La Procura di Palermo li aveva accusati di aver messo in scena una sparatoria ma il giudice Salvatore Fausto Flaccovio li ha assolti perché il fatto non sussiste. Gli scagionati sono due poliziotti, l’ispettore Francesco Elia, di 62 anni, e l’assistente capo Alessandra Salamone, di 55, protagonisti di un conflitto a fuoco nel quartiere Zen 2, il 16 marzo 2015: finirono agli arresti domiciliari l’anno seguente perché, secondo i loro colleghi della Squadra mobile e il pm Maurizio Bonaccorso, all'epoca coordinatore dell'inchiesta, si erano inventati il conflitto a fuoco con un giovane rom, accusando falsamente un giovane rom di avere ferito Elia.
I due imputati, difesi dagli avvocati Nino Zanghì, Alessandro Pergolizzi e Teresa Re, hanno dimostrato invece che nulla era stato inventato, allo scopo - così aveva sostenuto la Procura - di ottenere il riconoscimento di vittima del dovere e un equo indennizzo per causa di servizio, in effetti richiesto pochi mesi dopo l'episodio. Al termine del dibattimento, il pm Giacomo Brandini - subentrato a Bonaccorso, nel frattempo trasferito a Caltanissetta - aveva però chiesto l’assoluzione per il danneggiamento dell'auto della polizia, implicitamente riconoscendo la sussistenza dello scontro con una persona rimasta sconosciuta. Lo stesso pm aveva poi sollecitato la prescrizione per il procurato allarme ma anche la condanna a 5 anni per calunnia nei confronti del giovane straniero, che per quella sparatoria era stato arrestato ed era rimasto in cella per un mese e mezzo.

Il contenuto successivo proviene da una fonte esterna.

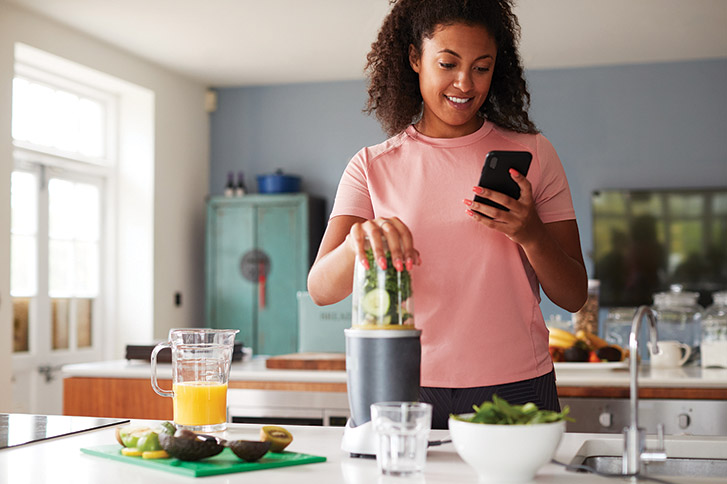 Woman Using Fitness Tracker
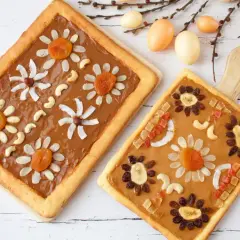 Wielkanocne mazurki ozdabiane bakaliami i orzechami, wyglądają jak kolorowe kwiaty na wiosennym tle.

Nel corso del processo è emerso che né Elia né Salamone lo avevano riconosciuto come l’autore dell’agguato allo Zen, cosa che nel giudizio finale ha escluso la sussistenza della calunnia. La conferma della ricostruzione della difesa è legata anche alla visione e all'esame da parte dei Ris dei carabinieri delle immagini della videosorveglianza del centro commerciale Conca d'Oro, nei cui paraggi avvennero i fatti.